Ik heb het bovenstaande voorbeeld toegevoegd om te demonstreren hoe u Java aan een statische pagina kunt toevoegen zonder een beroep te doen op een specifieke servlet. Hier wordt Java gewoon aan een pagina toegevoegd en de JSP-levenscyclus zorgt voor de rest.

3.3. JSP met doorsturen

Nu, voor ons laatste en meest betrokken voorbeeld! Hier gaan we de @WebServlet annotatie op ExampleThree waardoor de noodzaak voor servlet-toewijzingen in server.xml.

@WebServlet (name = "ExampleThree", description = "JSP Servlet With Annotations", urlPatterns = {"/ ExampleThree"}) openbare klasse ExampleThree breidt HttpServlet uit {@Override protected void doGet (HttpServletRequest-verzoek, HttpServletRespception {antwoord) gooit IO ServletException {antwoord) String message = request.getParameter ("bericht"); request.setAttribute ("tekst", bericht); request.getRequestDispatcher ("/ ExampleThree.jsp"). doorsturen (verzoek, antwoord); }}

VoorbeeldThree neemt een URL-parameter die is doorgegeven als bericht, bindt die parameter aan de verzoek object, en leidt dat vervolgens om verzoek bezwaar maken tegen VoorbeeldThree.jsp.

We hebben dus niet alleen een echt bereikt dynamisch web ervaring, maar we hebben dit ook gedaan binnen een applicatie die meerdere .jsp-bestanden bevat.

getRequestDispatcher (). vooruit () is een eenvoudige manier om ervoor te zorgen dat de juiste .jsp-pagina wordt weergegeven.

Alle gegevens die zijn gekoppeld aan het verzoek object dat op zijn (het .jsp-bestand) manier is verzonden, wordt dan weergegeven! Hier is hoe we omgaan met dat laatste deel:

   Voorbeeld van Java-binding 

Je zei: $ {text}

Let op de JSP-tag die aan de bovenkant van VoorbeeldThree.jsp.
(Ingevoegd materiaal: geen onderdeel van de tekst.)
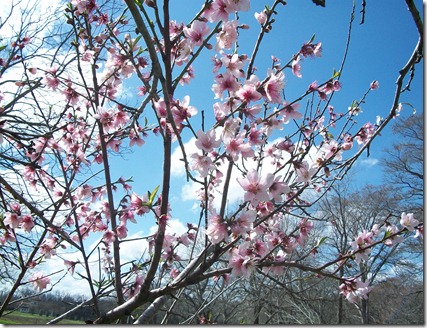 Peach Blossoms 2012 007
Je zult merken dat ik de JSP-tags hier heb verwisseld. Ik gebruik Expression Language (die ik eerder heb genoemd) om onze ingestelde parameter weer te geven (die gebonden is als $ {tekst})!

3.4. Probeer het!

Nu gaan we onze applicatie exporteren naar een .war om te worden gestart en gehost in Tomcat 8! Vind je server.xml en we zullen ons updaten Context naar:

Dat geeft ons toegang tot onze servlets en JSP's op localhost: 8080 / spring-mvc-xml / jsp / index.jsp! Haal een werkkopie op via: GitHub. Proficiat!

4. Conclusie

We hebben behoorlijk wat terrein afgelegd! We hebben geleerd wat JavaServer Pages is, wat ze zijn geïntroduceerd om te bereiken, hun levenscyclus, hoe ze te maken en tot slot een paar verschillende manieren om ze te implementeren!

Hiermee is de introductie van JSP afgerond! Wees gezond en codeer!